Possible database issues include:

  • Lack of connectivity from a node to its database

  • Network comm delay

  • Resource exhaustion issues on the database server

  • Locked tables, either from database maintenance or because other sprocs are updating the tables at the time.

    A subset of the latter are blocked sprocs, which either process too slowly or are waiting for themselves or other sprocs to finish, or are using obsolete execution plans, calculated by the database engine before the data they apply to was modified by another sproc - including those triggered by database maintenance tasks.

Time since last sproc ran

If this value increases, a sproc is likely taking a lot of time on the database that it is happening.

As of Bravura Security Fabric version 12.5.0 the iddb service saves a "snapshot" of what can be seen in the Database replication details pages per node, in telemetry (*.rst) files located in the instance's db\ directory, with one record every 30 seconds.

Those files can be parsed in many ways for the rich data present in them. For example to get a trace of replication delays in seconds, you could use the command:

grep "2024-0[67]" telemetry-recv-bravura1.local_hipam.rst | awk -F'|' '{print $1,",",$5}'|sed s/ie=//|sed s/qd=//>times-FTC706.csv

In the above command:

  • The first grep collects the entries from months 6 and 7 of 2024.

  • Those entries are piped into awk, that preserves two columns: the timestamp and qd (queue delay).

  • The next two sed pipes strip the "metadata".

  • The resulting entries are placed in a CSV file.

You can then use a spreadsheet program to render a chart from the two data columns, like this:

repdelays

These are the counts of entries listing worst sproc duration >= 6 digits ([0-9]{6,} in miliseconds, for those two months. These are not complete counts like the ones which could be collected with stored procedure performance entries in idmsuite.log , because in 30 seconds there could be thousands of sprocs executed, and only one or two are recorded in these telemetry files :

egrep -c "2024-0[67].*wpt=[0-9]{6,}" telemetry-recv-PTC-bravura1.local_hipam.rst
4534

... and itemized by counts of sprocs:

egrep "2024-0[67].*wpt=[0-9]{6,}" telemetry-recv-bravura1.local_hipam.rst|egrep -o
      "wp=[^|]+"|sort|uniq -c|sort -k1,1nr
   
3491 wp=PolicyRuleComputerPrepare
388 wp=ManageRuleComputerPrepare
335 wp=WstnPwdReset
264 wp=WstnPwdUpdateStatus
34 wp=DashWorkStatsCompute
13 wp=WstnPwdQueueRandomize
5 wp=WstnPwdResetFail
3 wp=LoaddbInit

These are the fields present in each entry of the telemetry files:

  • interval_end = "ie"; timestamp for the end of the 30-second interval whose stats are captured in this line

  • dataflow_in = "di"; bytes added to the queue in this interval

  • dataflow_out = "do"; bytes removed from the queue in this interval

  • queue_size = "qs"; size of the queue in bytes at the end of the interval

  • queue_delay = "qd"; queue delay in seconds at the end of the interval

  • current_item = "ci"; on receive queues, whatever stored proc was running at the end of the interval

  • worst_proc = "wp"; on receive queues, the slowest proc that ran during this interval

  • worst_proc_time = "wpt"; on receive queues, the duration in miliseconds of the slowest proc that ran during this interval

Resolution procedure

If the above is happening,

  • Bravura Security recommends disabling the PSUPDATE process and other automation that would increase the replication queue.
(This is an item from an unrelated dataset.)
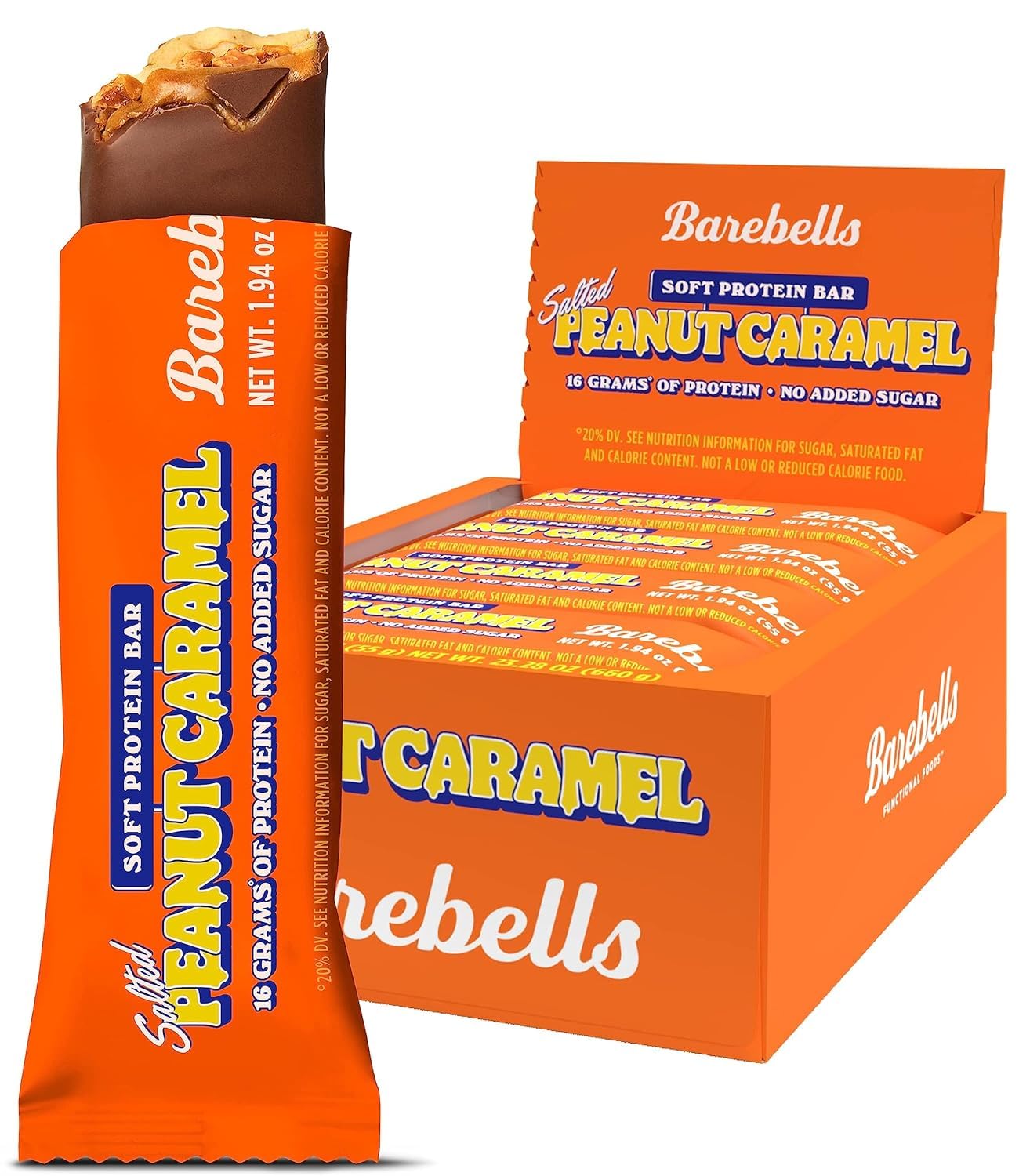 Barebells Soft Protein Bars Salted Peanut Caramel - 12 Bars, Pack of 1-16g High Protein Treats - Chocolate Nutrition Bar with 1g Total Sugars - On The Go Breakfast or Post-Workout Snack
  • Until you figure out what the sproc is and if needed, kill its process or restart the affected database.

    If the values are decreasing, all is likely fine, and the emails will stop coming as soon as the replication queues get under the configured thresholds.

If the values in the WebUI are decreasing, it means that the queues grew while DB admins (or automation) were performing maintenance on the servers, and now they are flushing.